Merasa jenuh dengan rutinitas pakai narkoba setiap hari, Ruben pun akhirnya memantapkan diri untuk berhenti dan mengajukan rehabilitasi.
"Saya berpikir, sampai kapan saya begini. Setiap bangun tidur pakai putau dulu biar bisa kerja, setiap hari begitu. Uang tidak bisa ditabung karena setiap bulan selalu beli putau di Jakarta, akhirnya saya mantapkan niat untuk berhenti. Betul kalau bukan niatan sendiri, rehab tidak akan berhasil," kata dia.
Beda Ruben, beda pula Agus. Warga asli Kota Semarang itu berhenti menggunakan putau setelah dia mengalami lumpuh total selama enam bulan.
"Saya pakai putau sekitar 15 tahun, hingga saya lumpuh dan akhirnya berhenti. Saya bersyukur Tuhan memberikan teguran membuat saya sadar," kata Agus.
Bahkan saking kecanduannya, dulu Agus kerap mencuri uang orangtuanya hanya untuk membeli putau.
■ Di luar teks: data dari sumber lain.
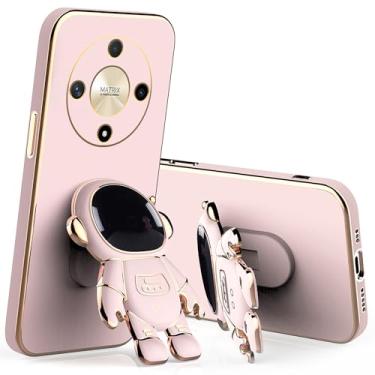 Imagem de Capa compatível com Honor X9b com suporte de desenho animado de astronauta criativo rosa, para Honor Magic 6 Lite capa de telefone de silicone à prova de choque com suporte macio TPU capa fina (rosa)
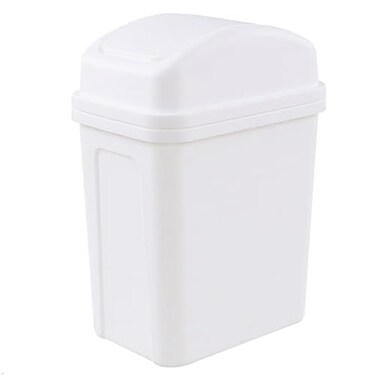 Idomy Idotry 18 Gallon White Swing Top Garbage Can Plastic Small Trash Can with Swing Lid 1 Pack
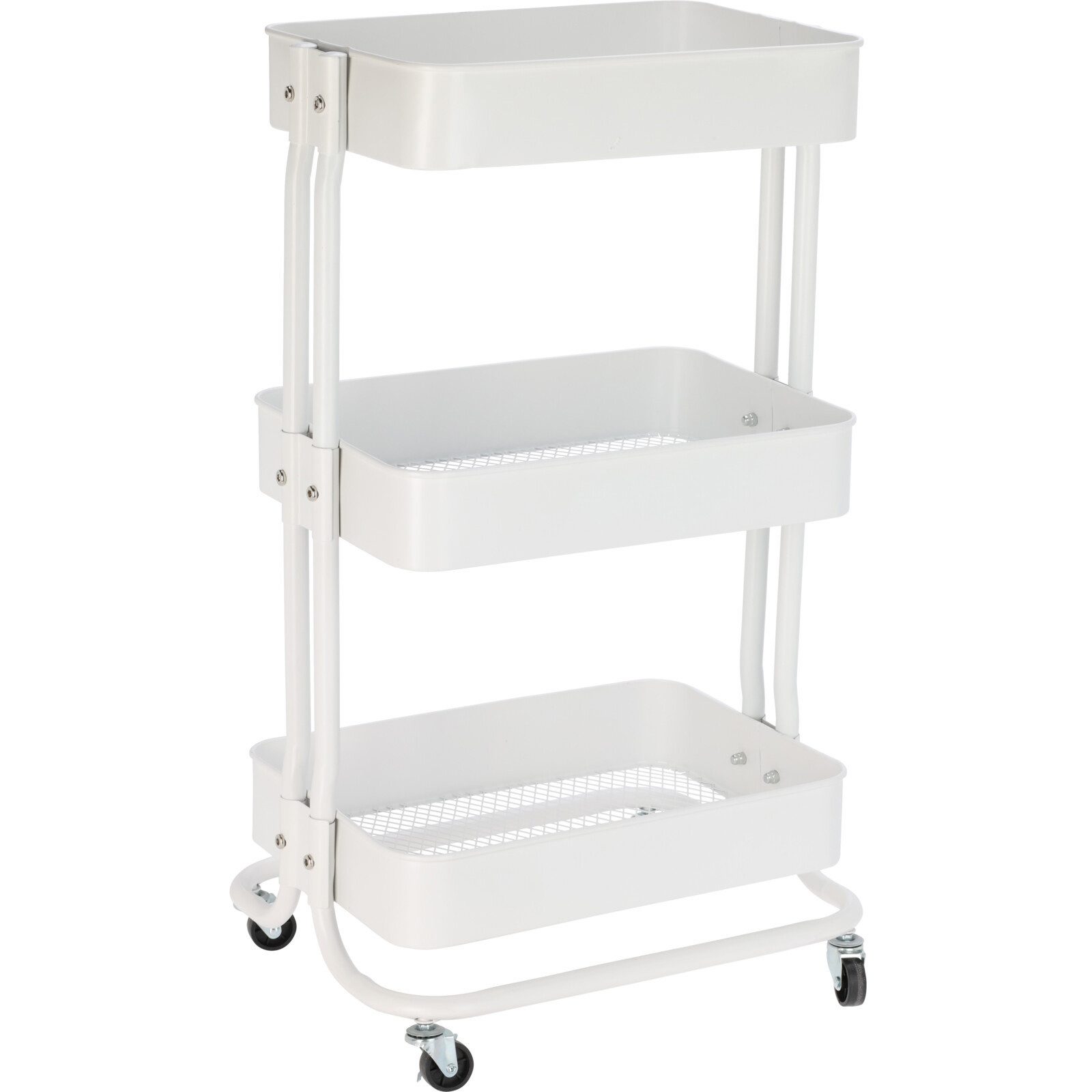 Koopman Küchenwagen Rollwagen Aufbewahrung Metall 76x46x33 cm Bausatz Montage Weiss, (Stück, 1 St., Packung), Weiß, 76x46x33cm, Metall, 3 Ebenen, mit Rollen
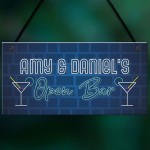 Personalised Home Bar Decor Sign Novelty Open Bar Plaque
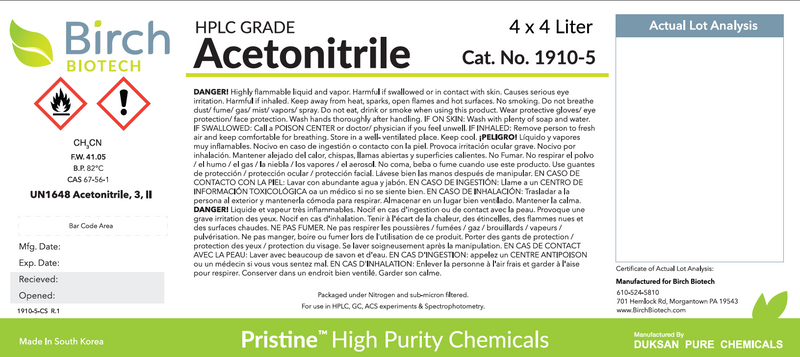 Load image into Gallery viewer, PRISTINE® Acetonitrile, HPLC Grade
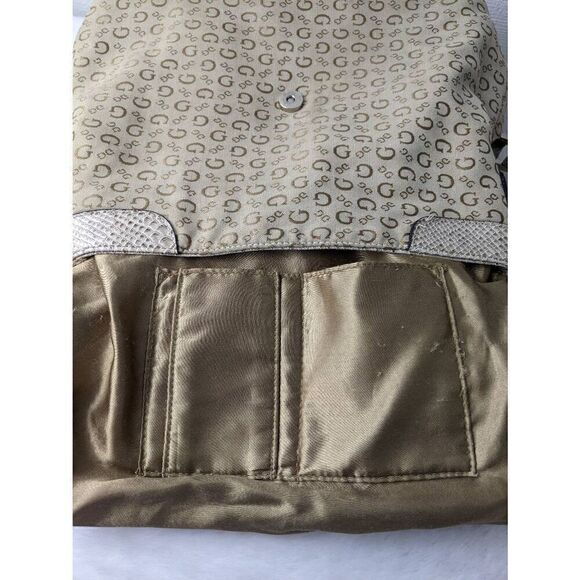 Guess vintage Y2K Beige Monogram Shoulder Purse Fabric Bag W Snake‎ Skin Inserts - Picture 10 of 14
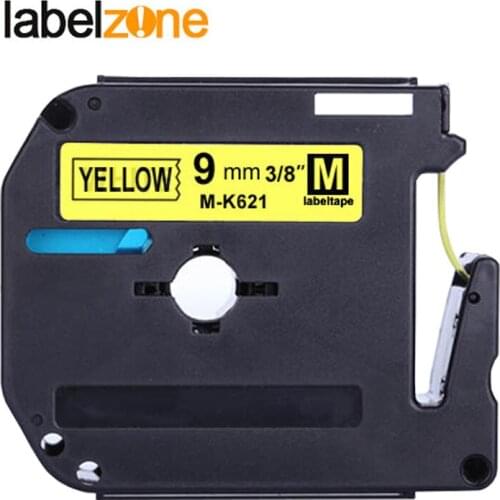 1PC 9mm*8m mk-621 Black on yellow Label Tapes Compatible for Brother p-touch Label Printer ribbon M-K621 MK-621 mk621 MK621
"Anak istri saya meninggal, itu pukulan terberat buat saya," kata dia.
Agus dan Ruben pun mengeluhkan hal yang sama setelah berhenti menjadi pecandu narkoba.
Dipandang sebelah mata, cibiran hingga makian kerap mereka terima. Bahkan tak ada satu pun perusahaan yang mau mempekerjakan mantan pecandu narkoba seperti Agus dan Ruben.
"Kami sesama mantan pecandu narkoba susah cari kerja, untungnya di Rumah Damping Astama ini kami dibina menjadi wirausaha," kata Agus.
Mereka diajari cara menanam jamur, membuat selai, kue, abon jamur hingga jajanan seperti sosis untuk dijual kembali. Meski belum menjual bebas, hanya sebatas menerima pesanan saja, namun Agus, Ruben dan para penghuni Rumah Damping Astama BNNP Jateng yakin usaha mereka kelak akan mendatangkan hasil.
Tak hanya dibina menjadi wirausaha, para mantan pecandu ini juga tetap menjalani program pascarehabilitasi.
"Program pascarehab tetap jalan. Setiap hari, monitoring hingga sambang ke rumah hingga 10 bulan bagi yang selesai menjalani rehab," kata Sardiyanto, Program Manager Rumah Damping Astama BNNP Jateng.
Pria yang akrab disaba Antok itu mengatakan, total saat ini pihaknya sedang menangani hampir 100 orang yang menjalani program pasca rehab.
"Di Rumah Damping ini ada tujuh orang, 60 orang pascarehab di luar, dan 30 orang di Bapas," katanya.
Selain program rutin dari BNNP Jateng, Antok yang juga menjabat sebagai Kepala Seksi Pasca Rehab BNNP Jateng, mengatakan setiap Rabu malam, para mantan pecandu berkumpul untuk saling bercerita dan menguatkan agar tidak terjerumus lagi ke dunia gelap narkoba.
"Nama programnya NA, Narkotic Anonimous. Total sudah ada 15 orang yang ikut program ini," kata dia.